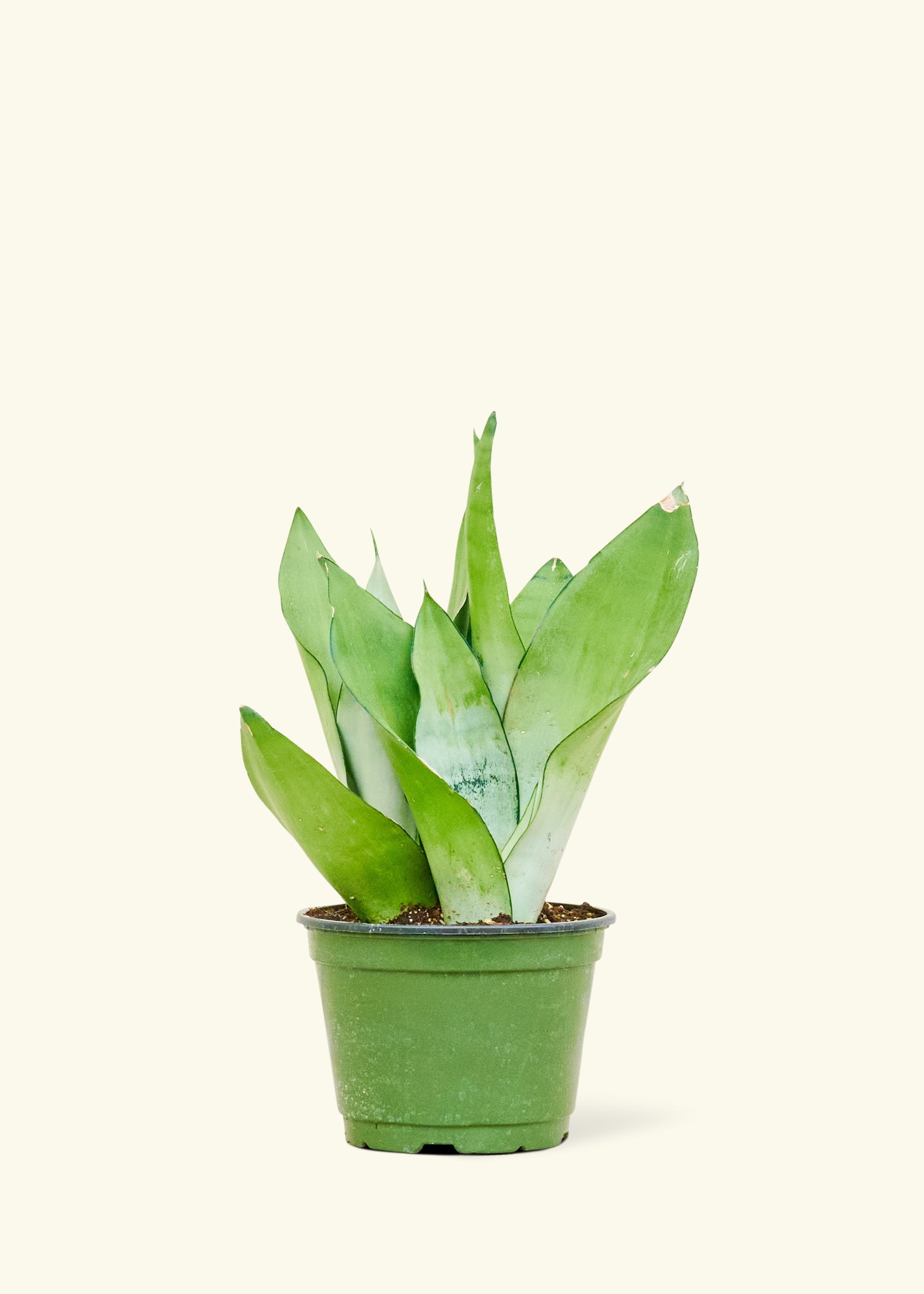 Rooted Sansevieria Sirkandi (S. Pearsonii offers x s. Liberica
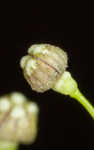 Arkansas bedstraw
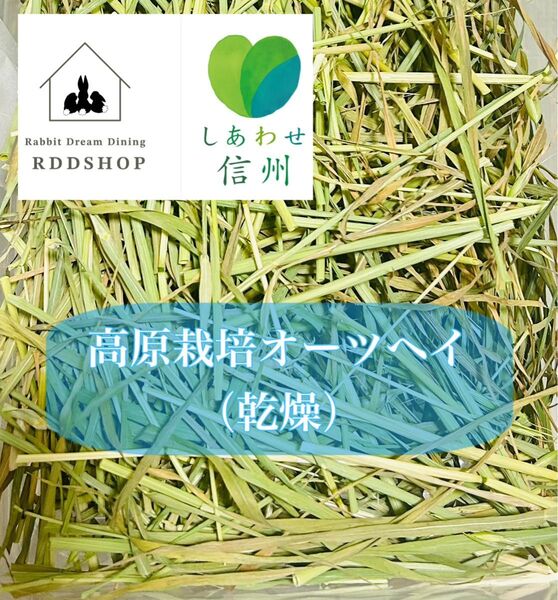 高原栽培オーツヘイ/乾燥牧草/草食動物/うさぎ/モルモット/デグー/チンチラ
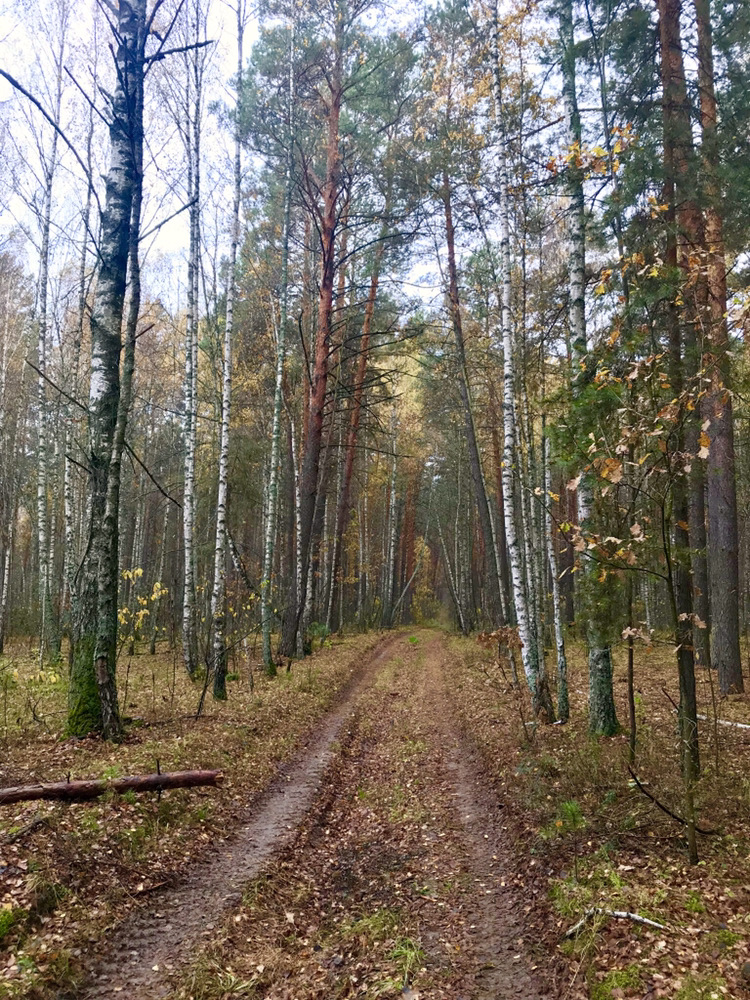 Друзі, всіх зі святом - День автомобіліста. 4
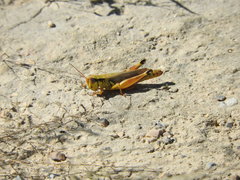 Phoetaliotes nebrascensis
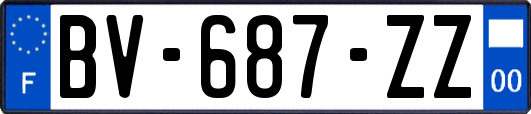 BV-687-ZZ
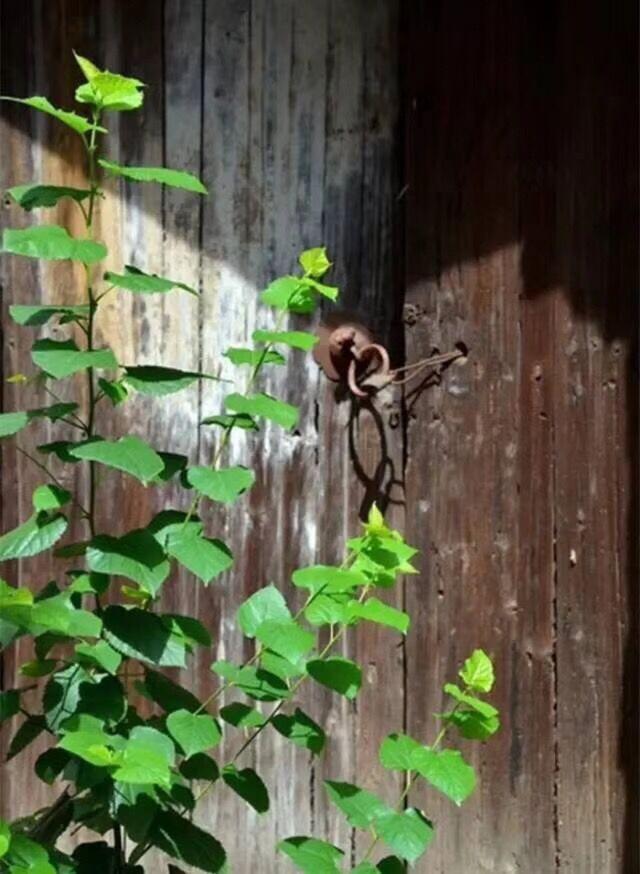 浮華世間生命最美的境界是安寧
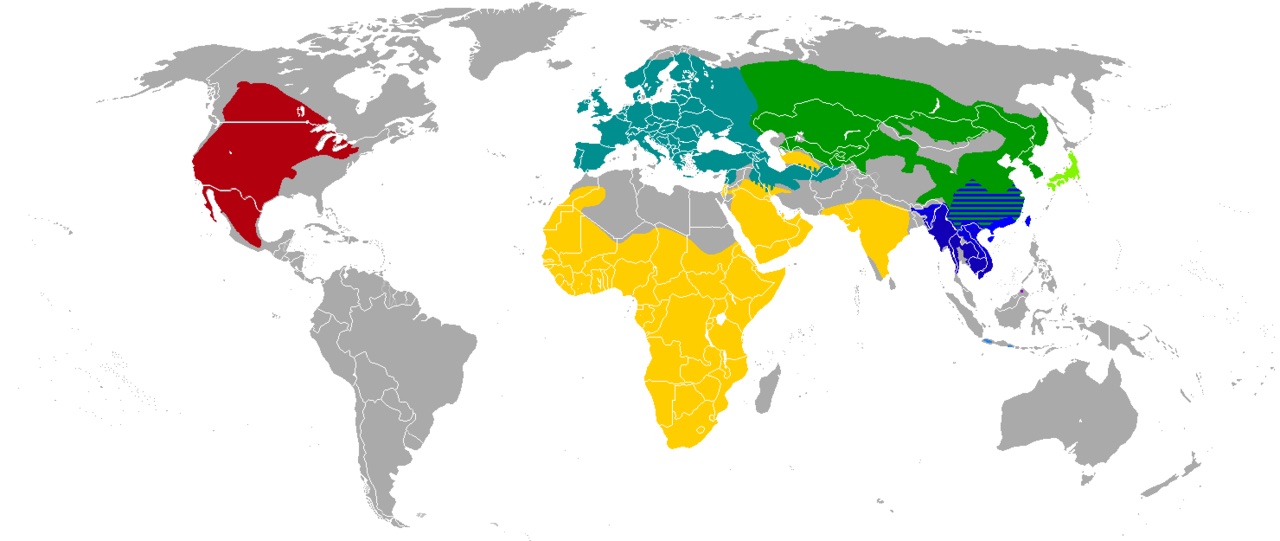 A map showing where badgers live around the world.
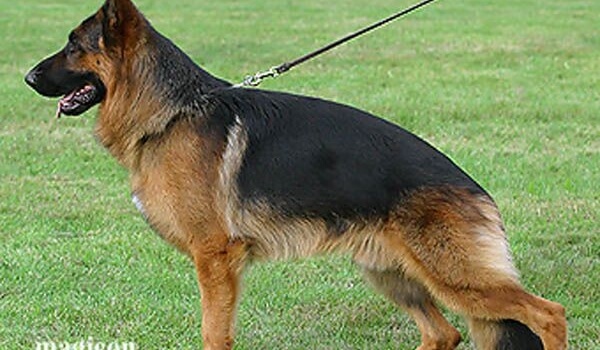 Hannibal vom Stieglerhof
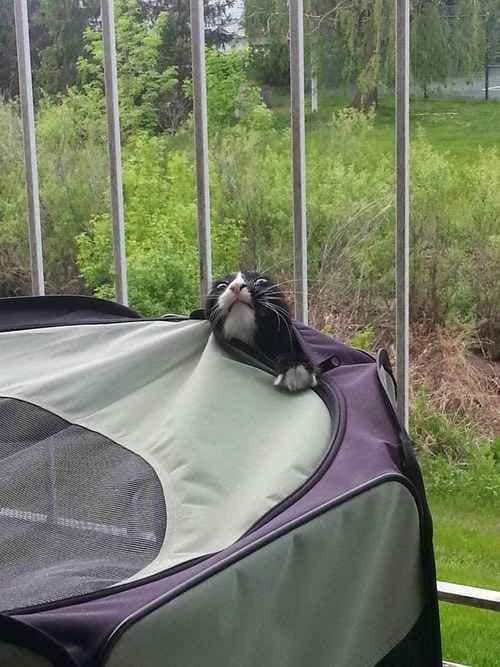 You'll Laugh Out Loud At These Hilarious Camping Photos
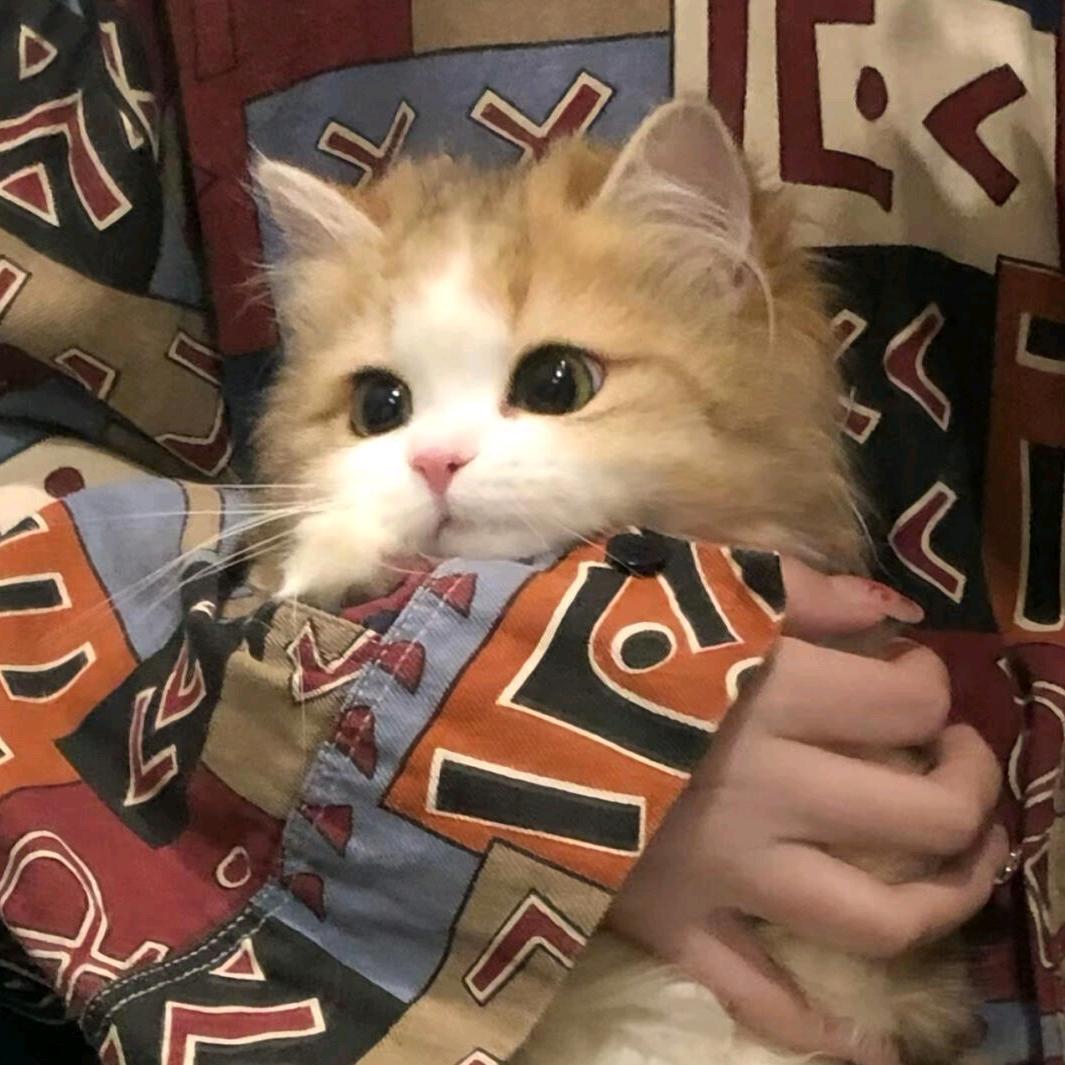 遇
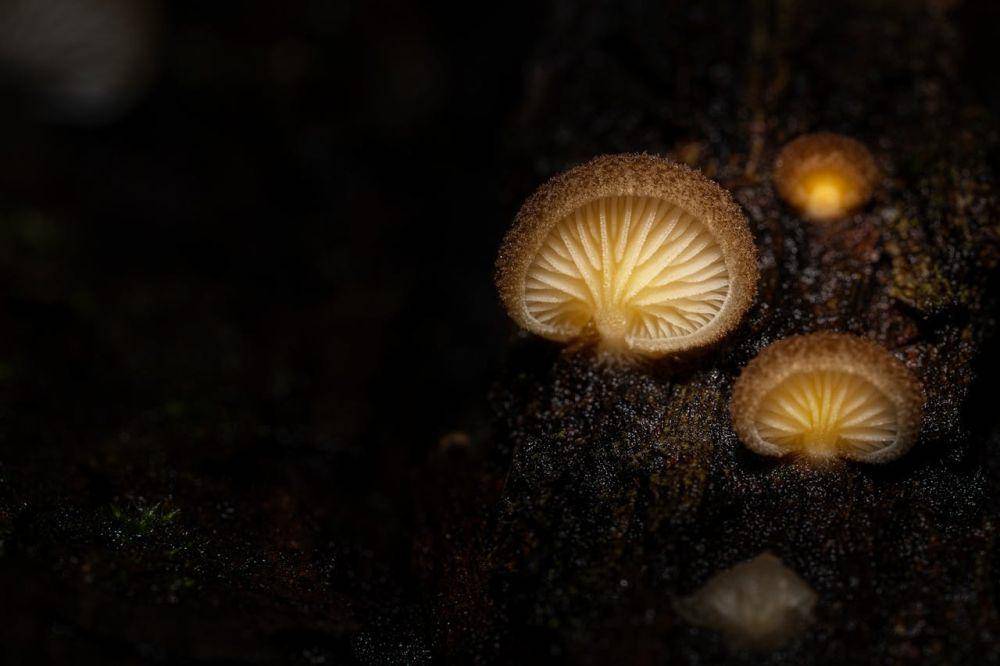 fenomena alam bioluminescence, jamur hohenbuehelia (pexels.com/Gerardo Carranza Puga)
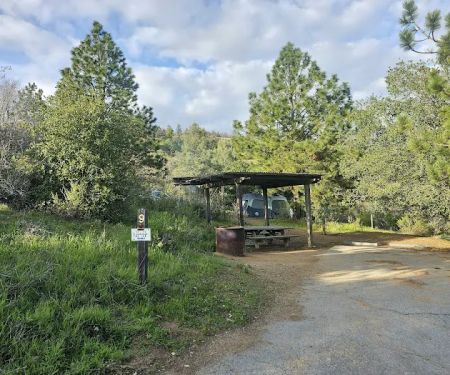Lion Spring Camp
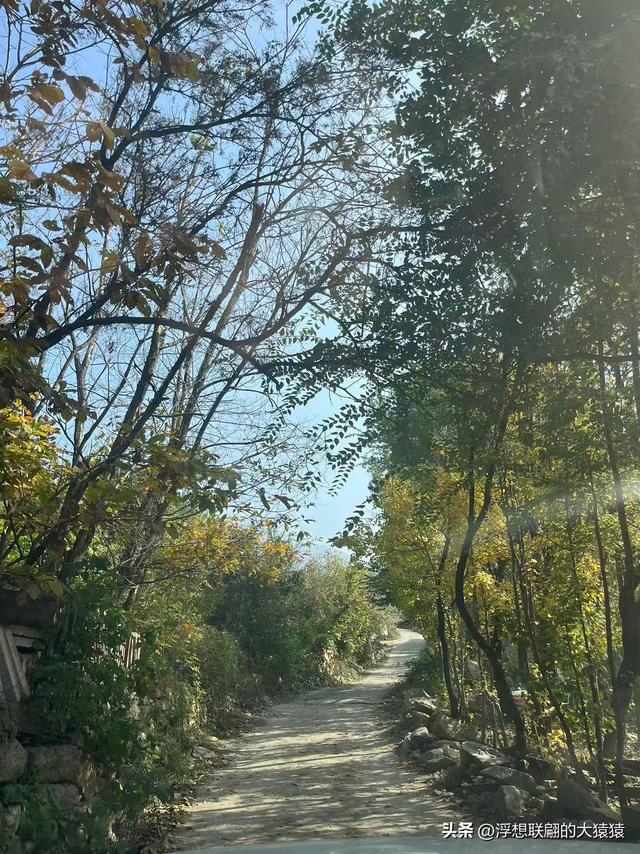 泰安岱岳区曹家庄隐佛崖打山泉水游记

□ □ □

From the material above, copy everything exactly but the pictures.

- [Output of the task]:
 Rooted Sansevieria Sirkandi (S. Pearsonii offers x s. Liberica
 Arkansas bedstraw
 高原栽培オーツヘイ/乾燥牧草/草食動物/うさぎ/モルモット/デグー/チンチラ
 Друзі, всіх зі святом - День автомобіліста. 4
 Phoetaliotes nebrascensis
 BV-687-ZZ
 浮華世間生命最美的境界是安寧
 A map showing where badgers live around the world.
 Hannibal vom Stieglerhof
 You'll Laugh Out Loud At These Hilarious Camping Photos
 遇
 fenomena alam bioluminescence, jamur hohenbuehelia (pexels.com/Gerardo Carranza Puga)
Lion Spring Camp
 泰安岱岳区曹家庄隐佛崖打山泉水游记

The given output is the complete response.